Abercrombie and Fitch doesn't carry jeans with a waist size larger than 36 inches. But the Centers for Disease Control reports that the median American male has a 40 inch waist. Why does A&F give up on so many potential customers? The reason is obvious: They want the cool kids to buy their stuff. As a result, A&F discriminates against me and tens of millions of other Americans.
That's part of building a successful brand: Choosing your customers wisely. A&F use size choices to choose their customer base; and as Bryan has noted, elite malls can use high prices to select for the right kinds of cars in the parking lot.

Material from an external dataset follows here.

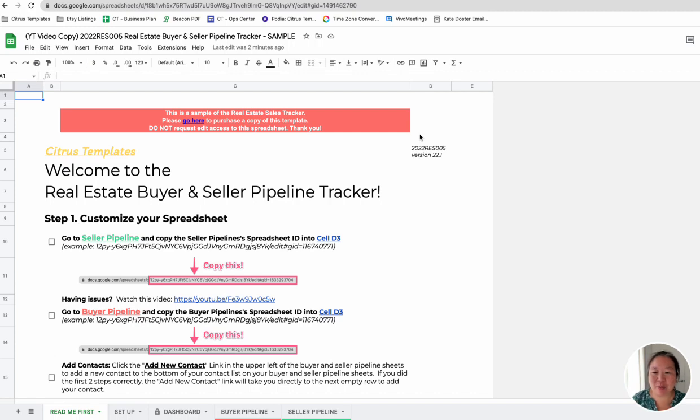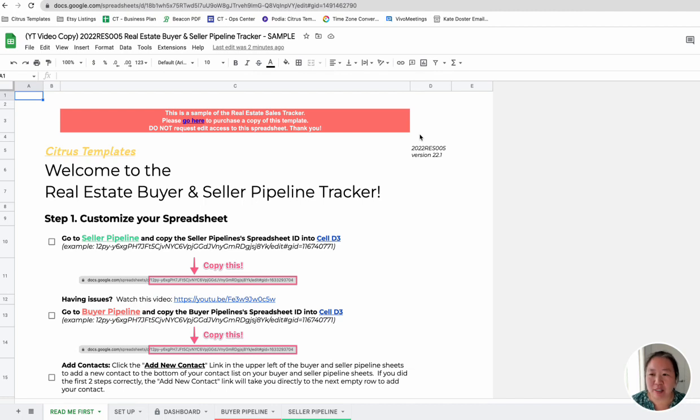Hey guys, it's Peggy here with Citrus Templates, and I wanted to walk through this real estate CRM in Google Sheets, this Buyer and Seller Pipeline Tracker.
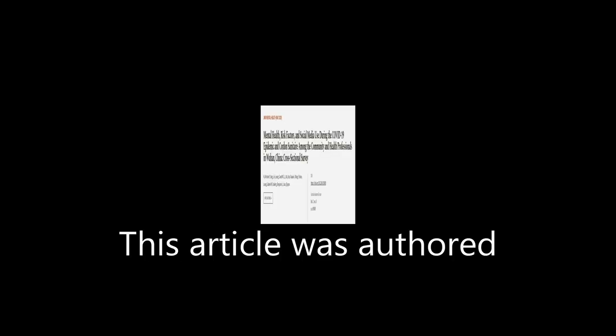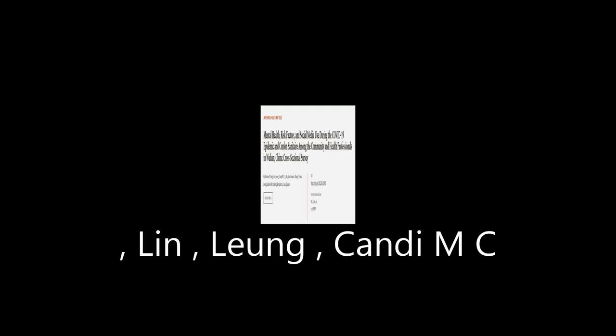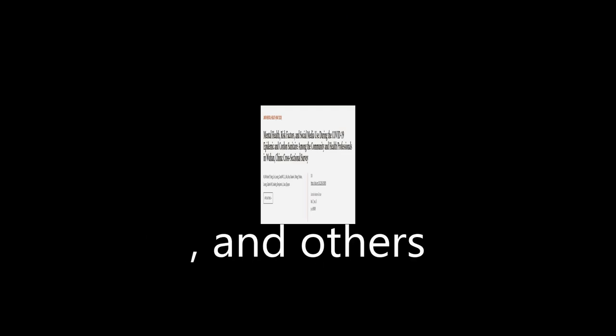This article was authored by N.I. Michael Y. Yang, Lin, Leung, Candy MC, and others.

But today I saw a particularly creative method of customer selection: A policy of driving the cool kids out. SweetFrog, a successful chain of Christian self-serve frozen yogurt shops, openly advertises their uncoolness: The cartoon frogs, the good cheer, the overt displays of religiosity. What self-respecting hipster is going to show up there? Let's all go to the "metro-focused" Pinkberry.
And I suspect that's one of the keys to SweetFrog's success. Frozen yogurt is a product that teens and college students often purchase, but if a store has a lot of those customers in the 13-22 age bracket, you can predict with some accuracy what kind of language will be floating around the store on a Saturday night. Not exactly a child-friendly environment.
So a frozen yogurt shop has two choices: Get the 13-22 crowd or get the family crowd. SweetFrog went for the latter. Maybe that's just a market segmentation equilibrium (I buy my uncool jeans at LL Bean; I wish no harm upon A&F), or maybe SweetFrog believes that when the kid wants dessert the whole family comes along. Either way, their model seems to be doing well.
Bonus: By driving the cool kids out, SweetFrog likely has less of a problem with workers giving product away to their friends. I had a friend in high school who got a job working at a frozen yogurt shop precisely because he was unpopular: The owner was tired of losing inventory every time the cool kids came by.
Coda: SweetFrog also exemplifies the puzzle raised by Arnold:
Explain why, with unemployment over 9 percent, there has emerged the phenomenon of self-service frozen yogurt shops.